About a year ago, Sargeant put a $150 down payment on Starlink service. She recently received notification that the ISP is finally rolling out service to her area. She plans on having both Starlink and her current T-Mobile 5G Home Internet in her home in the future.

“A T-Mobile representative literally said that I should have another source of internet so that I don't only rely on [them],” she says. 

Starlink’s hefty start-up costs and monthly fees in the hundreds of dollars will add onto the $700+ investment that Sargeant has made at home to increase the reliability of her current 5G home internet speeds. 

To Theodore, the only way that he sees the core issue of climate resilience making its way to our internet connections is if there is a greater public-private partnership to shoulder the additional costs beyond what BEAD is meant to do: Deliver a quality internet connection, first and foremost, to those in need, like Sargeant.

Even as the harshest impacts of climate change continue across the Southeast, Louisiana plans on providing internet expansion no matter what to wherever it’s needed.
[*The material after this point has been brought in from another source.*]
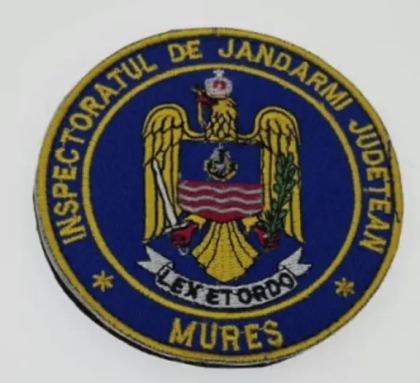 סמל סקאי רקום של הפיקוח הג'נדרמי של מחוז מוריס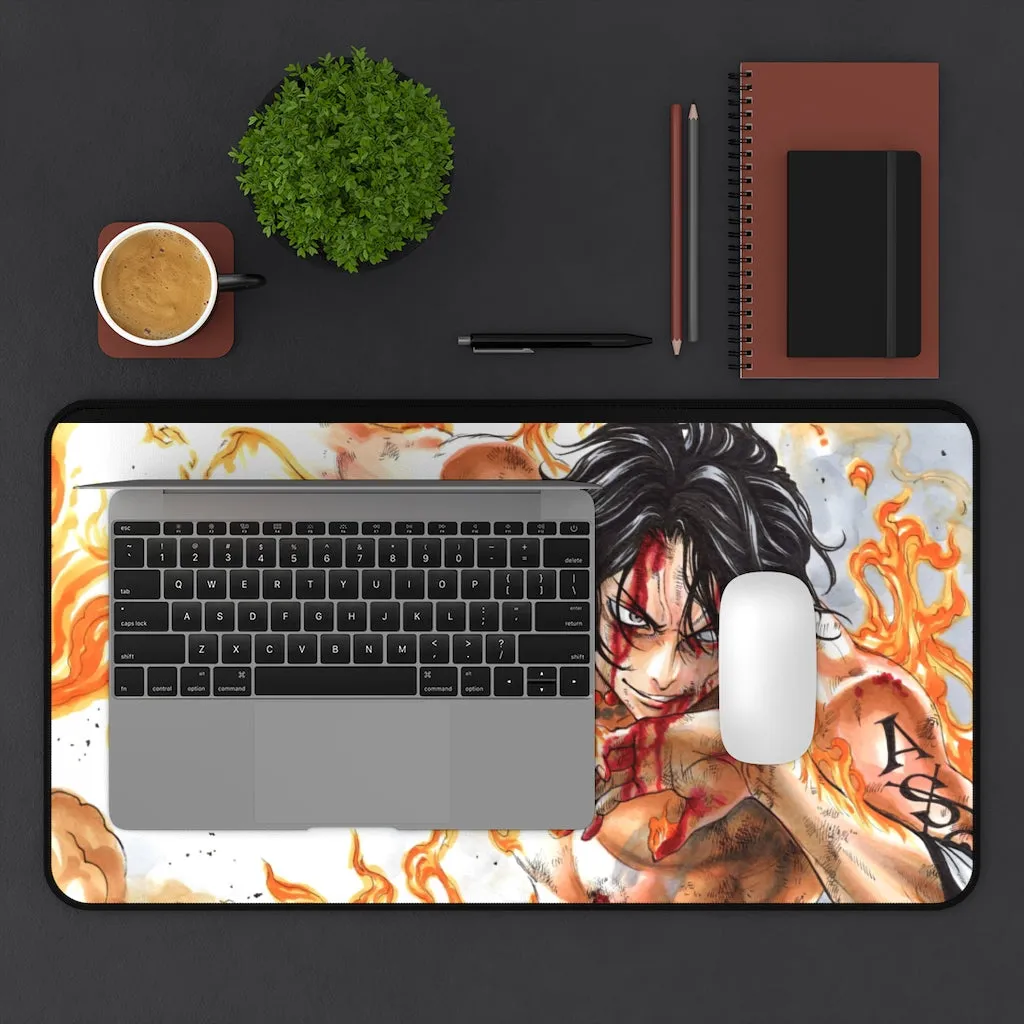 Fire Fist ACE - One Piece Non-Slip Mouse Pad / Desk Mat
BEAD, among other federal and state funding, hinges on delivering that access, even if people migrate due to climate.

In ten years, the goal is for every household to have a true choice for their internet connection. It just may be their own responsibility to identify the type of service that will withstand the risks of their region.

“I have to treat an unserved location in Grand Isle [on the Gulf of Mexico] the same as East Carroll Parish [in North Louisiana] on opposite ends of the state,” Iyengar says. “I have to get everyone what they need.”